Separately, another administrative court in the eastern region of Valencia also last week scrapped a motion passed on March 26, 2016 by the local council of Catarroja, a suburb of the city of Valencia, which is Spain’s third-largest metropolis.

As in previous rulings on petitions filed by ACOM or its affiliates — including rulings by two high courts — the administrative tribunals determined the motions passed in Teo and Catarroja were unconstitutional because they were discriminatory, and that they represented a breach of jurisdiction by municipalities unqualified to make foreign policy decisions.

The Valencia court, in its verdict, reasoned that it nullified the motion declaring Catarroja an “Israel apartheid-free space,” as the original motion stated, because it “compromises the exercising of administrative discretion in the future, particularly pertaining to contracts” and that is “contravenes Article 14 of the Spanish Constitution by inciting and generating discrimination based on circumstances of birth, race, gender, religion opinion and any other personal or social circumstance,” as the ruling stated. Following the ruling, ACOM declared on its website both municipalities to be “anti-Semitism-free spaces.”

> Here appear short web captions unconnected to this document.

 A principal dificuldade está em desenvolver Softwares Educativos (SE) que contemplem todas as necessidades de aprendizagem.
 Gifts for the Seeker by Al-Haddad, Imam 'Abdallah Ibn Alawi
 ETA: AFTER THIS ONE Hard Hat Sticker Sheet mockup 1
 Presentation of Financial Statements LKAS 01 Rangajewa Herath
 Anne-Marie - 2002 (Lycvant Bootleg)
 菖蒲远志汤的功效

Last month, the Superior Tribunal of Justice of Madrid affirmed a lower court ruling from January against a resolution last year endorsing the boycott by the city council of the Rivas Vaciamadrid suburb. The High Court said the council’s adherence to the Boycott, Divestment and Sanctions movement against Israel was “discriminatory.”

The court also rejected explicitly the council’s argument that its boycott resolution was anchored in previous United Nations resolutions against Israel, ACOM wrote in a statement.

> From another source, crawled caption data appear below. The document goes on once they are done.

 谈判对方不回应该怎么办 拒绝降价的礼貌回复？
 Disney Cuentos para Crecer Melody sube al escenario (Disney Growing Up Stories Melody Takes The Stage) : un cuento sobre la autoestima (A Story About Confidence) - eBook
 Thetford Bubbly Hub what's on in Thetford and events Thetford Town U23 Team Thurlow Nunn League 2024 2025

In October, a Spanish High Court in the Asturias region declared a BDS resolution illegal and discriminatory in a lawsuit also filed by ACOM. The group had sued the Langreo City Council over its support for BDS.

Over the past two years, pro-Israel activists have obtained dozens of rulings, legal opinions and injunctions against BDS in Spain. Some 50 Spanish municipalities have passed resolutions in recent years endorsing BDS — more than in any other European country.

In neighboring France, promoting the BDS movement is illegal under legislation from 2003 that lists efforts to bring about the singling out of nations and their peoples as a form of hate crime. Similar legislation is being prepared in Britain, the government said last year.